Scientists have discovered that the herpes simplex virus type 1 (HSV-1) reorganizes the human genome to access genes that help it replicate. This finding offers new insights into how viruses manipulate their hosts, potentially leading to better treatments.
Researchers at the Centre for Genomic Regulation (CRG) in Barcelona found that HSV-1 reshapes the three-dimensional structure of the human genome. This allows the virus to access the host's genes, which it needs to multiply. The study, published in Nature Communications, reveals a previously unknown mechanism of viral manipulation.
The study showed that blocking a single human enzyme, topoisomerase I, completely stops HSV-1 from reorganizing the human genome during infection, thus halting viral replication. In cell cultures, inhibiting this enzyme prevented infection before the virus could produce new particles. This discovery suggests a novel strategy to control a virus that infects nearly four billion people worldwide.

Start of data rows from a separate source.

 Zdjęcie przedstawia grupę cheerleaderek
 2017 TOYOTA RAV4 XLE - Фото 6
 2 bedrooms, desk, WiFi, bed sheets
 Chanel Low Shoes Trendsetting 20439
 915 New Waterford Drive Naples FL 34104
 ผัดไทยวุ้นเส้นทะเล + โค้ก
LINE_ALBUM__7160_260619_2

The team used super-resolution microscopy, which can visualize structures as small as 20 nanometers, and Hi-C, a technique that reveals which DNA fragments are interacting within the nucleus. They combined these techniques to understand how HSV-1 hijacks human cells. They found that the virus hijacks the human RNA polymerase II enzyme to help synthesize its own proteins.

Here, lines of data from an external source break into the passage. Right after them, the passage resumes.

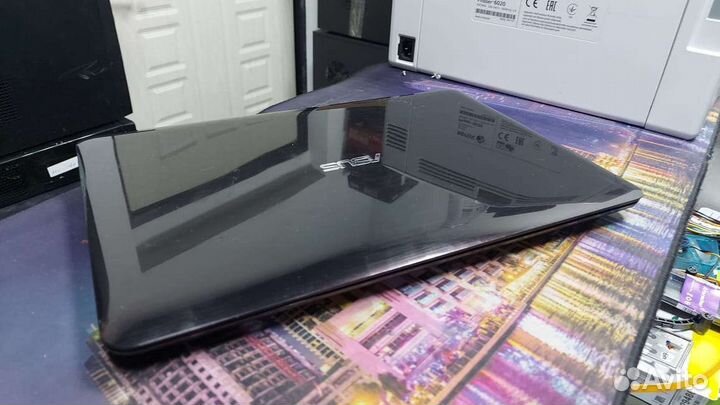 Ноутбук asus i5-7200U 8gb SSD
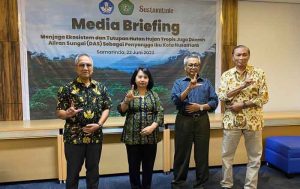 Wakil Rektor Bidang Umum SDM dan Keuangan Unmul Sukartiningsih, dan Professor of Watershed Management Faculty of Agric Industrial Technology Universitas Padjadjaran Indonesia Chay Asdak (kiri). (foto: Lisa)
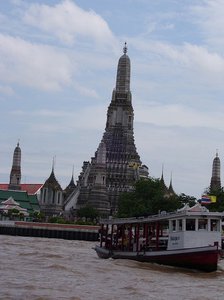 &#39;Temple of Dawn&#39; (known as Wat Arun)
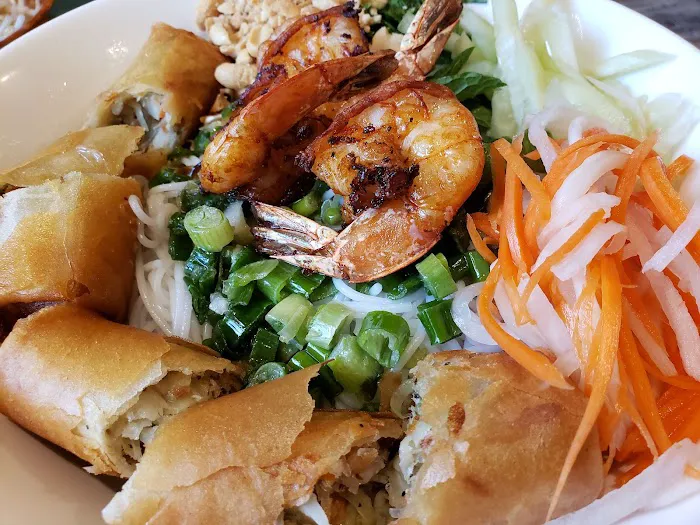 Phở Passion and MinTea Bar Picture 5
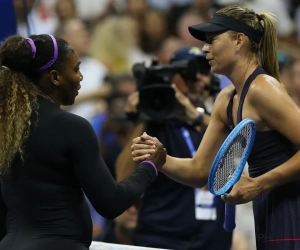 Serena geeft Sharapova bolwassing, exit voor Kerber en zeges voor Djokovic en Federer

The virus's actions cause transcription to shut down across the host genome, leading to the chromatin – the natural state of human DNA within cells – compacting into a dense shell. This was unexpected, as it was previously thought that chromatin structure dictated transcription. This research suggests a two-way relationship between activity and structure.

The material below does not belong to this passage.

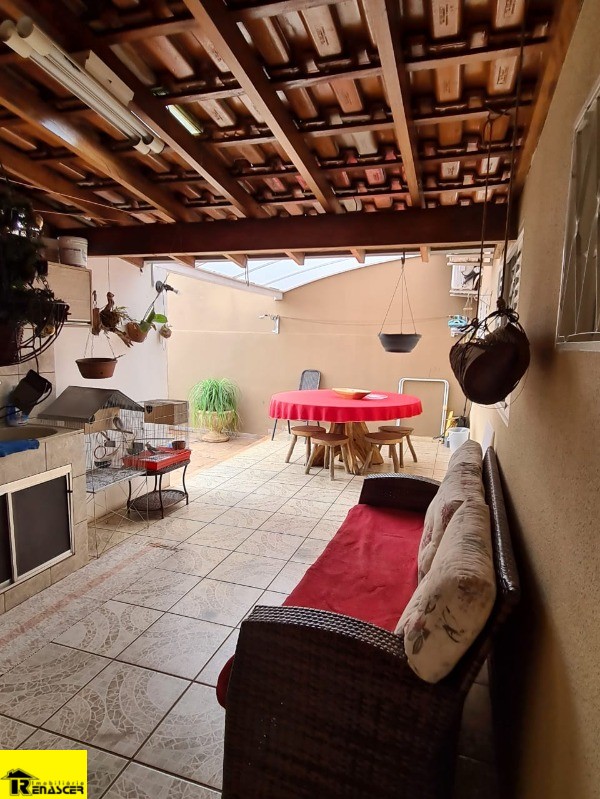 Casa com 5 quartos à venda, 270m² — foto 9 de 34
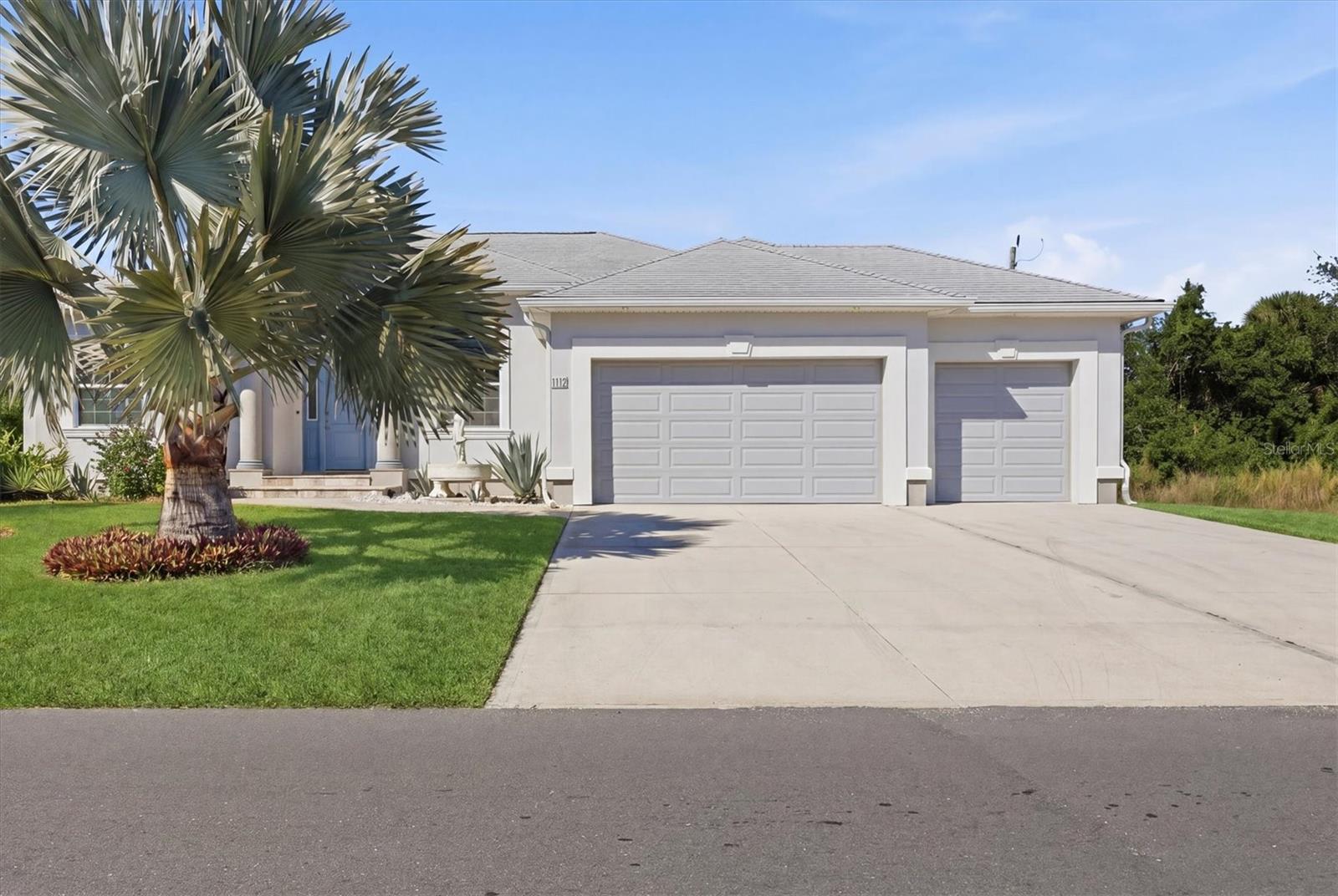 Single Family Residence at 1112 SENECA RD, VENICE, photo 10 of 50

HSV-1 affects two out of every three people under 50. While most infections are asymptomatic or cause recurring cold sores, the virus can rarely lead to blindness or life-threatening illness. This research could help address the global health challenge posed by HSV-1, which is prevalent and can cause recurrent outbreaks. Although treatments exist to manage symptoms, drug-resistant strains are emerging, and there is no cure.